Hey everyone, I have the following set of nested loops which I would like to vectorize. If you're familiar with molecular simulations, this is a linked cell energy calculation. I checked the requirements for intel vectorization, and I believe I satisfy them. There aren't multiple branch points. All array accessing, except for envar in the inner most loop, is unit stride. I believe the if statements in these loops can be interpreted as mask-constructs.

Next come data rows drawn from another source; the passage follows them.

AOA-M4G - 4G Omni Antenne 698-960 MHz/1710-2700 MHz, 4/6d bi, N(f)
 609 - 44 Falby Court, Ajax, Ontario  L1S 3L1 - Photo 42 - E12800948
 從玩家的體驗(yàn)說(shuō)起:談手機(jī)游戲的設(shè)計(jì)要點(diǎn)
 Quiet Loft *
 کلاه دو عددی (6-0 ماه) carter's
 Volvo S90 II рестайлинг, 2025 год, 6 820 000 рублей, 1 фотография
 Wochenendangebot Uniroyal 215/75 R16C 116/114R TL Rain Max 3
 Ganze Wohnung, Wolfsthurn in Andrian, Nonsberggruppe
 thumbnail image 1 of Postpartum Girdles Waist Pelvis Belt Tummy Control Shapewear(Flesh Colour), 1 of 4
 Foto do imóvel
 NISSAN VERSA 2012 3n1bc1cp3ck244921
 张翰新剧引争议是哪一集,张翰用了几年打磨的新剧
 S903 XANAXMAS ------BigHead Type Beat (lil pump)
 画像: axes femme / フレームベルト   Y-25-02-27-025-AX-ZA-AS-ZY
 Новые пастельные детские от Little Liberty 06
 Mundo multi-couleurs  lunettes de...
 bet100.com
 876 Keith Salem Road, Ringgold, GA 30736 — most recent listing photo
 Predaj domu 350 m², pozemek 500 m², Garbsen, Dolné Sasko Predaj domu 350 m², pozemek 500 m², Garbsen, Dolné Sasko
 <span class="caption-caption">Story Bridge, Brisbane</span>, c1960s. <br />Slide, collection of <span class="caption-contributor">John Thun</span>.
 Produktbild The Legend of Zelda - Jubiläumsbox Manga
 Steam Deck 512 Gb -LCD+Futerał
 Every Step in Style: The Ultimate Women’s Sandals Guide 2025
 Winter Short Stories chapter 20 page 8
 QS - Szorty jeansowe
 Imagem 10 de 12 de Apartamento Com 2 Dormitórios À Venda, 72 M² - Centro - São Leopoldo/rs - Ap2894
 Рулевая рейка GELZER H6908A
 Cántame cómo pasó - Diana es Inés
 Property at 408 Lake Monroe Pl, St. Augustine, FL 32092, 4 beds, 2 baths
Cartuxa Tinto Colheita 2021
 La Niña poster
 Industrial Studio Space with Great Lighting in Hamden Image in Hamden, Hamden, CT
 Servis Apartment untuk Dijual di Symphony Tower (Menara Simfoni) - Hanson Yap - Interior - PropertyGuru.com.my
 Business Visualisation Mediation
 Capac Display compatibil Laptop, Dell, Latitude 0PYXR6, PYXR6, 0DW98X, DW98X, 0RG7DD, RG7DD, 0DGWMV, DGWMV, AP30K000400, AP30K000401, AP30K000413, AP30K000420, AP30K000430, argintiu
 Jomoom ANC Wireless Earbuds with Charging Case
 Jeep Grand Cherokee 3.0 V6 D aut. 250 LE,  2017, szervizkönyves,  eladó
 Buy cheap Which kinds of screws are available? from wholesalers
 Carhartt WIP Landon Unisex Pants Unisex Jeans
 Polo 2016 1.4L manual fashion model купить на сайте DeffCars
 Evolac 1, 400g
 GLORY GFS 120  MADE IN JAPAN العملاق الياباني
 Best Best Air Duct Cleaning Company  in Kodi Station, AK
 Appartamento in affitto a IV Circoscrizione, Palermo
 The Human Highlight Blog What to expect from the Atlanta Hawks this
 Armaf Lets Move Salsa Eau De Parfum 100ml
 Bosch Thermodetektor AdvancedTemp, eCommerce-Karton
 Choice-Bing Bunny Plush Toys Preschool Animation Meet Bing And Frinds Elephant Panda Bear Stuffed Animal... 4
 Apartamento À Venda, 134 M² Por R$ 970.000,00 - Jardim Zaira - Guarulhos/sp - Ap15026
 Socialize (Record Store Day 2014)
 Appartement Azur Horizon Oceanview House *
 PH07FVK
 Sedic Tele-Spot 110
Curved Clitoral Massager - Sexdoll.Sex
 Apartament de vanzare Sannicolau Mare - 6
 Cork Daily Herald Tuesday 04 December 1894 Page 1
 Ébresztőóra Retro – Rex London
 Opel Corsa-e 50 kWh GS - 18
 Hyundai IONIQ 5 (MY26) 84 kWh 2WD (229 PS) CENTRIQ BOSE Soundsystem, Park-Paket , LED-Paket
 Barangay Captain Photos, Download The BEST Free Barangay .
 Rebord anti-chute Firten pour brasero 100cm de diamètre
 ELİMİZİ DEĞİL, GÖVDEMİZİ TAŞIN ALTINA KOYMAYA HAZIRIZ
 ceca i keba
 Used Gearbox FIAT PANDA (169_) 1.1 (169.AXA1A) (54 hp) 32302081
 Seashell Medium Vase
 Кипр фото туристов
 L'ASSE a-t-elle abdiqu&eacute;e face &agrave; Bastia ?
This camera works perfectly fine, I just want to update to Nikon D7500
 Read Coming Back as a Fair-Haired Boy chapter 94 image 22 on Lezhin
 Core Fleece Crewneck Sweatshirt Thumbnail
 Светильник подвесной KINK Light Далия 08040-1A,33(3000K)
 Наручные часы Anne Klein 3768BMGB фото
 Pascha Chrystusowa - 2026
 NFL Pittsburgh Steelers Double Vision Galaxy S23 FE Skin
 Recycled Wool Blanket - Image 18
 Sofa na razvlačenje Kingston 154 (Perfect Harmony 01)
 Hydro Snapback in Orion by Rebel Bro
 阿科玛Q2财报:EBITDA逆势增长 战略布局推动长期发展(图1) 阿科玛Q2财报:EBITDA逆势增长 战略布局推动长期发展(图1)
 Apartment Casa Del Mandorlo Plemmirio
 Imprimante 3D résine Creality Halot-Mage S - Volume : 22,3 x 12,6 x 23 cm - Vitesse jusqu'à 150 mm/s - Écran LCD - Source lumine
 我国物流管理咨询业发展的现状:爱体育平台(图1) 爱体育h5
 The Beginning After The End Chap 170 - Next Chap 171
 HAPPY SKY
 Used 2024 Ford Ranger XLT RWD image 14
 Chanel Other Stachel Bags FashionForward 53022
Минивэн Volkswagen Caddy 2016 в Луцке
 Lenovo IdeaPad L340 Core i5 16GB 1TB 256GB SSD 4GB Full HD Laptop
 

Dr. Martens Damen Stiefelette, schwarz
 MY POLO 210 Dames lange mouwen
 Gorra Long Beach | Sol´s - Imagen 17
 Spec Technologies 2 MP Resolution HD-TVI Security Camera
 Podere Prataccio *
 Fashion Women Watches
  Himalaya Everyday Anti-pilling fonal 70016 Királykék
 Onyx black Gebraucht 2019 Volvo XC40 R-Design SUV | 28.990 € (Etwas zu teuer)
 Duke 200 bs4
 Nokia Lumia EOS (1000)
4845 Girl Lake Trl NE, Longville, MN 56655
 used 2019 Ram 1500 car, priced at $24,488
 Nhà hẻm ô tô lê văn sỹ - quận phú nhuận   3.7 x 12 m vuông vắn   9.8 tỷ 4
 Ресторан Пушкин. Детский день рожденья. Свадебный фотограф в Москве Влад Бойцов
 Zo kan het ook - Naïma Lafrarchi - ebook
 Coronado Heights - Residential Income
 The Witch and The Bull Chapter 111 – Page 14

I keep getting the error 'loop not vectorized: not inner loop," hence the addition of the !dir$ imp simd collapse(4). When i compile with -vec-report2 -guide -openmp the compiler still says "loop not vectorized: not inner loop," despite the collapse command. I would like to port this to the xeon phi coprocessor, so any help with the vectorization here would be greatly appreciated. I understand this is a fair amount of code, but i have tried to add many comments for explanation.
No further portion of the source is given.